(Short text fragments from websites):
== == ==

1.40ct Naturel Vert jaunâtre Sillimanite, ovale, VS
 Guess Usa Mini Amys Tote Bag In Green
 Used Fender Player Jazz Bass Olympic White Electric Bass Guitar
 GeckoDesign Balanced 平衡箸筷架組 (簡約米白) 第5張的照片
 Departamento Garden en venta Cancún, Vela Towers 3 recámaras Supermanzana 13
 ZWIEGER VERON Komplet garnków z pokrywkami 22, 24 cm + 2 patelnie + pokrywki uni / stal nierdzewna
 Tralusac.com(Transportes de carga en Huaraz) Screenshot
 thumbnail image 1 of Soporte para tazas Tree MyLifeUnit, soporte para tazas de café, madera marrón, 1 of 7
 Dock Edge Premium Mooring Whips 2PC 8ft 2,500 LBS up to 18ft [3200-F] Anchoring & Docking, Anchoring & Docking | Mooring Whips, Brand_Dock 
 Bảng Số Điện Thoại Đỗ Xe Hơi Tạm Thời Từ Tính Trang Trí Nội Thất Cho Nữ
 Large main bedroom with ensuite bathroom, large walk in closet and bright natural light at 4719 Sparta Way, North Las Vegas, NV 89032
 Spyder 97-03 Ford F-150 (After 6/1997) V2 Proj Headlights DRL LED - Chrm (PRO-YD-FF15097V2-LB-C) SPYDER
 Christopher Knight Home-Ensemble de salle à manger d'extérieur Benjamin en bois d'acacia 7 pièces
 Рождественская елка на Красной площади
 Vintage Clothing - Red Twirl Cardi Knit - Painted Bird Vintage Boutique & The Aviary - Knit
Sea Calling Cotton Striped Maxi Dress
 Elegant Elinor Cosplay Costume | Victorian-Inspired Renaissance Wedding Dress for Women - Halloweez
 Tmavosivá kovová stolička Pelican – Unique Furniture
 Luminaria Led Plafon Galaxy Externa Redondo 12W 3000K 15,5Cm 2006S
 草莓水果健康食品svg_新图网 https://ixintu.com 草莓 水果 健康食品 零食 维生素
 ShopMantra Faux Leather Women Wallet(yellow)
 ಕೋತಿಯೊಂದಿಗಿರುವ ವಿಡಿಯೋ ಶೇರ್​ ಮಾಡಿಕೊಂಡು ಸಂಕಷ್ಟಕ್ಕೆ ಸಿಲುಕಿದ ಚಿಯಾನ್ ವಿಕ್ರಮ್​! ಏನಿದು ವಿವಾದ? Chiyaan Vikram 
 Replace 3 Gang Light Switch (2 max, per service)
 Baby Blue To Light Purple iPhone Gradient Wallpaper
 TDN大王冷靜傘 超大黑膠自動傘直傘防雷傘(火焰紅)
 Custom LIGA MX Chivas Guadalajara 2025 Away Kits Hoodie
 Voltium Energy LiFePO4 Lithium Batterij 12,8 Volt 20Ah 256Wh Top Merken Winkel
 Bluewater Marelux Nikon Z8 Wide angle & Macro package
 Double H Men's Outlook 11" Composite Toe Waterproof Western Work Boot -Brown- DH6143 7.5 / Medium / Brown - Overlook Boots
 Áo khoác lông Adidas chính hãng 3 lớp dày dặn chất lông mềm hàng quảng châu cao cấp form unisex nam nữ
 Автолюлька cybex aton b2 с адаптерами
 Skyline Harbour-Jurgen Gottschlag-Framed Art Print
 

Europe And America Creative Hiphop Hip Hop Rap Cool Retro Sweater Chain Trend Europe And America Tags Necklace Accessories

== == ==

(About this exercise): Only the lines from the one containing "Vintage Clothing - Red" through the end of the entries above belong in the answer; repeat them exactly.

(Reply):
 Vintage Clothing - Red Twirl Cardi Knit - Painted Bird Vintage Boutique & The Aviary - Knit
Sea Calling Cotton Striped Maxi Dress
 Elegant Elinor Cosplay Costume | Victorian-Inspired Renaissance Wedding Dress for Women - Halloweez
 Tmavosivá kovová stolička Pelican – Unique Furniture
 Luminaria Led Plafon Galaxy Externa Redondo 12W 3000K 15,5Cm 2006S
 草莓水果健康食品svg_新图网 https://ixintu.com 草莓 水果 健康食品 零食 维生素
 ShopMantra Faux Leather Women Wallet(yellow)
 ಕೋತಿಯೊಂದಿಗಿರುವ ವಿಡಿಯೋ ಶೇರ್​ ಮಾಡಿಕೊಂಡು ಸಂಕಷ್ಟಕ್ಕೆ ಸಿಲುಕಿದ ಚಿಯಾನ್ ವಿಕ್ರಮ್​! ಏನಿದು ವಿವಾದ? Chiyaan Vikram 
 Replace 3 Gang Light Switch (2 max, per service)
 Baby Blue To Light Purple iPhone Gradient Wallpaper
 TDN大王冷靜傘 超大黑膠自動傘直傘防雷傘(火焰紅)
 Custom LIGA MX Chivas Guadalajara 2025 Away Kits Hoodie
 Voltium Energy LiFePO4 Lithium Batterij 12,8 Volt 20Ah 256Wh Top Merken Winkel
 Bluewater Marelux Nikon Z8 Wide angle & Macro package
 Double H Men's Outlook 11" Composite Toe Waterproof Western Work Boot -Brown- DH6143 7.5 / Medium / Brown - Overlook Boots
 Áo khoác lông Adidas chính hãng 3 lớp dày dặn chất lông mềm hàng quảng châu cao cấp form unisex nam nữ
 Автолюлька cybex aton b2 с адаптерами
 Skyline Harbour-Jurgen Gottschlag-Framed Art Print
 

Europe And America Creative Hiphop Hip Hop Rap Cool Retro Sweater Chain Trend Europe And America Tags Necklace Accessories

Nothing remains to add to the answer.